LE PETIT CHAT EST MORT
- florencequoilin18
- 17 avr. 2017
- 2 min de lecture
Lettre à Jacques : J'avoue que je ne savais pas quoi te dire ce matin-là et alors que l'écho de mes mots en désarroi tâchaient de tarir la source de mes émois, j'aurais bien eu à l'idée de te retenir, à tout jamais. J'eus la tentation de prendre à témoin la nappe en papier qui ornait cette table dépareillée et y coucher sous l'encre de mes regrets ce billet écorné provenant des tréfonds de mon âme, où mes doigts glacés se seraient posés à même le clavier, t'avouer ce que jeunesse ne peut mais se pâme, et ce qu'elle ne croit en Dieu, au diable l'affluence des blâmes ! Alors que la verve qui m'anime et dont je ne suis en aucune manière l'esclave, car je suis un être libre qui s'exprime, je te saurai gré de lire ces quelques lignes :
"Mon cher Jacques, lorsque je t'ai rencontré, nous avons discuté, de tout et de rien, comme deux baladins, des témoins orphelins du présent, nous avons juste lié connaissance. J'aurais pu t'honorer de ma confiance mais je peux t'affirmer que j'étais à cent milles lieues au gré de mes errances de t'offrir mieux en partage que l'or pieux de mes beaux yeux. Car tu aimes mon regard inquisiteur comme tu le décris, mon sens de l'observation, mes yeux qui se baladent partout à la fois, qui balaient d'un revers de paupières la taverne qui nous cerne et se posent sur tout un chacun et cela te fascine comme d'autres s'y enferment ou s'y perdent.
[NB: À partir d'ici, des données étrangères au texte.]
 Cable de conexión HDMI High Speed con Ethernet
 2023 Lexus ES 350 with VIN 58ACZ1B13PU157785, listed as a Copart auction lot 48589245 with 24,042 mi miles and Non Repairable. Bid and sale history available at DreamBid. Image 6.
Enfin bon... Avançons ! La truite et l'hameçon ! Tu y ferais naufrage et y laisserais, frustré, ton appétit profond. Alors je t'invite à scruter le ciel à l'horizon ! Ces lourds nuages sans façon qui flagornent le paysage tels des bouts d'ouate, ils flattent le décor en un tournemain, juste ajouter des arbres en guise de bienveillants compagnons de lendemains. Une douceur de vivre où je nous convie, un tapis de plumes où nous pourrions nous poser, blottir nos coeurs en nous imprégnant de vers de lecture orgueilleux. Comme la vie serait douce, pendue à ton cou, à tes lèvres, à tes rêves audacieux et fiévreux, à t'écouter durant des heures jusqu'à en taire mes inopportunes aigreurs. O Seigneur, qu'ai-je donc fait pour mériter ça ? Pour te couvrir d'autant de tendresse, courir vers toi sous la noblesse de mon allégresse, légère comme une robe de tulle, plus vaste que le néant. Plus jamais, je n'aurais à l'esprit de partir alors que tu occupes tout l'espace. Mais bon alors que je me lève, que le réveil sonne, que le nouveau jour se blesse au contour de tes absences, je prends conscience que je n'ai plus vingt ans... J'avais juste oublié mon âge... Et surtout le tien... A coeur vaillant ... Mais bon, soyons raisonnables à défaut d'être inconscients... Pauvres malandrins de nos amours en rade... Tandis que tu dors, mon Amour, je m'en vais crever au pied de ton alcôve... Et bien oui, le petit chat est mort, à défaut d'avoir osé espérer...." :(
D'après une très belle photo de Chérif Benabid, publiée avec son aimable autorisation.